Available records: Begin

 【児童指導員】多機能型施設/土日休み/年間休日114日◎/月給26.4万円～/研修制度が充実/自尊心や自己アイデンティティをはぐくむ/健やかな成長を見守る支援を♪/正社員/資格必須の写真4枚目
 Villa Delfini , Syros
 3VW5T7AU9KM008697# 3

Available records: End
Available records: Begin

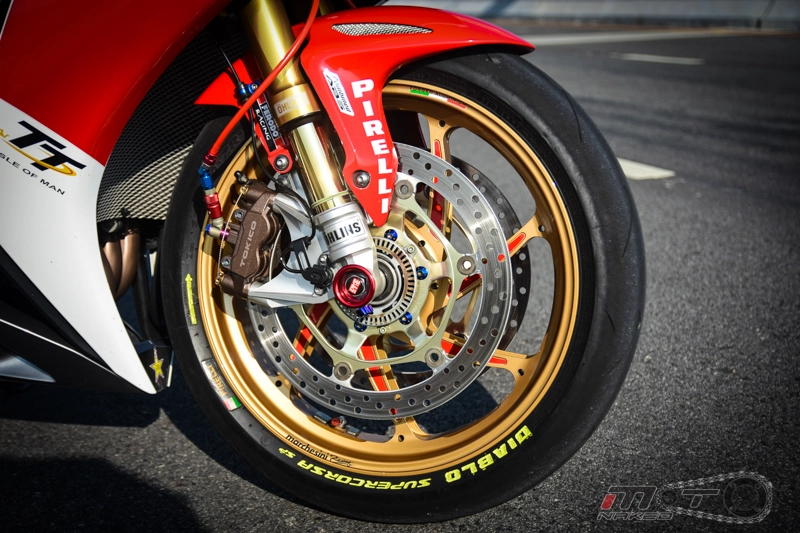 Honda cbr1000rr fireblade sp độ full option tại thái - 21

Available records: End
Available records: Begin

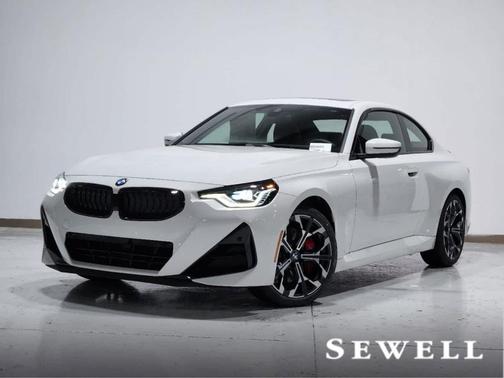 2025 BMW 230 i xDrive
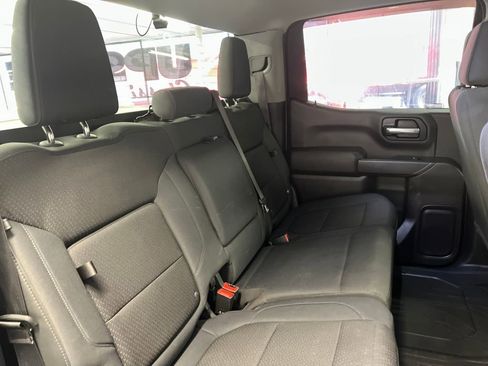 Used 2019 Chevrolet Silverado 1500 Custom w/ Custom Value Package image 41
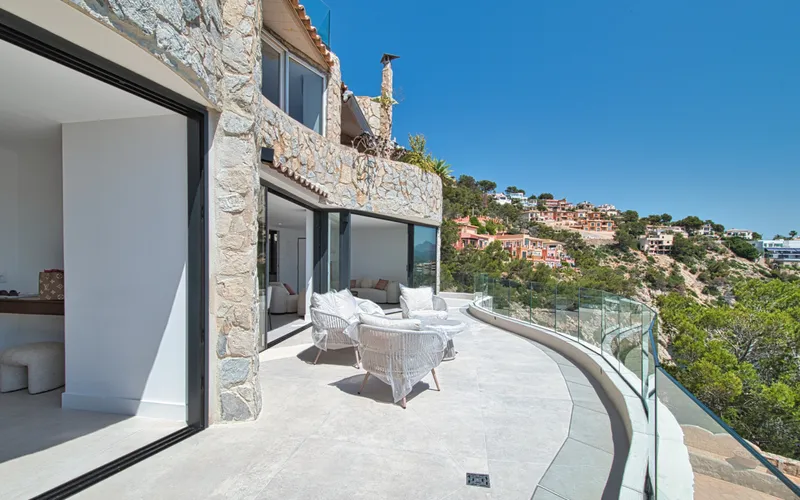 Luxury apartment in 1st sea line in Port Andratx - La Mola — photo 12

Available records: End

Using the records above, return word for word the lines that begin at the one containing "Used 2019 Chevrolet" and end at the one containing "Luxury apartment in", both of them included and no pictures.

Task response
 Used 2019 Chevrolet Silverado 1500 Custom w/ Custom Value Package image 41
 Luxury apartment in 1st sea line in Port Andratx - La Mola — photo 12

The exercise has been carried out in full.